The draft law provides comprehensive definitions. “Social media platform” is defined as any internet-based service that enables user interaction and monetizes engagement or data. “Remunerative social media content” includes any content that generates income in cash or kind, including advertisements, sponsorships, and collaborations. A new Chapter IIA is inserted into the Income Tax Rules, specifically dealing with “remunerative social media content” earned by resident individuals.
This definition captures: YouTube AdSense, TikTok creator fund, Facebook Reels monetisation, Instagram brand deals, podcast sponsorships, Twitch streaming income, and any brand collaboration payment — regardless of whether the cash is received via Pakistan bank account, foreign account, or crypto.
Three compliance obligations attach under the new rules:
1. Quarterly advance tax: Every creator within scope must pay advance income tax every quarter — not just at year end. The quarterly schedule mirrors the existing advance tax mechanism already applicable to businesses.
2. Dedicated ITR section: Digital income must be disclosed in a special dedicated part of the annual income tax return for each tax year — not lumped into general business income.
3. Commissioner enforcement powers: Where the declaration of income is less than the amount calculated using the benchmark formula, the relevant Inland Revenue Commissioner may rectify the error of omission or commission in the return and proceed to recover outstanding liabilities.
Creators who fail to register, file, or pay — or who declare income below the RPM benchmark — face the standard Income Tax Ordinance 2001 penalty and recovery regime.
This would impact only those non-resident Pakistanis who are based abroad, mainly in the US, Canada or the United Kingdom, producing content on Pakistan’s politics and economy that is viewed in Pakistan. There are a handful of prominent non-resident Pakistanis who would be affected by these special procedures.
Under the proposed mechanism, the fixed rate per 1,000 views could translate into an effective tax burden ranging from 16% to 66%, depending on earnings per mille. Current industry estimates suggest revenue per 1,000 views typically ranges between $1 and $3, but can be higher for audiences in developed markets.
However, enforcement against non-residents — particularly those with no Pakistani bank account or legal presence — requires YouTube’s cooperation in sharing creator data or withholding payments, a practical obstacle the FBR has not yet publicly addressed.

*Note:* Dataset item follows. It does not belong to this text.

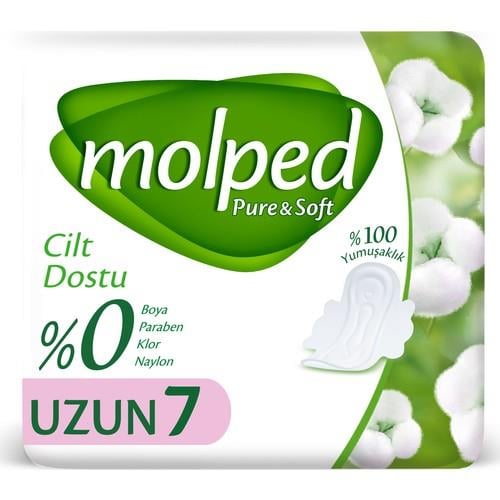 Molped Pure&Soft Hijyenik Ped Uzun 7 Adet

For the estimated hundreds of thousands of Pakistani YouTubers, TikTokers, Instagram influencers, and digital entrepreneurs currently earning from online platforms, the SROs create clear obligations. Any creator already registered with FBR must add a dedicated digital income section to their FY2026 (Tax Year 2025–26) return. Any creator not yet registered who crosses the subscriber or income threshold must register immediately. Quarterly advance tax kicks in from the current tax year — FY2026 ends June 30, 2026, meaning a Q4 advance tax payment is already due before year close. Given that FBR’s revenue target for FY2026 stands at Rs 12,970 billion against a nine-month shortfall of Rs 610 billion, digital economy taxation is not a future priority — it is a current-year revenue imperative.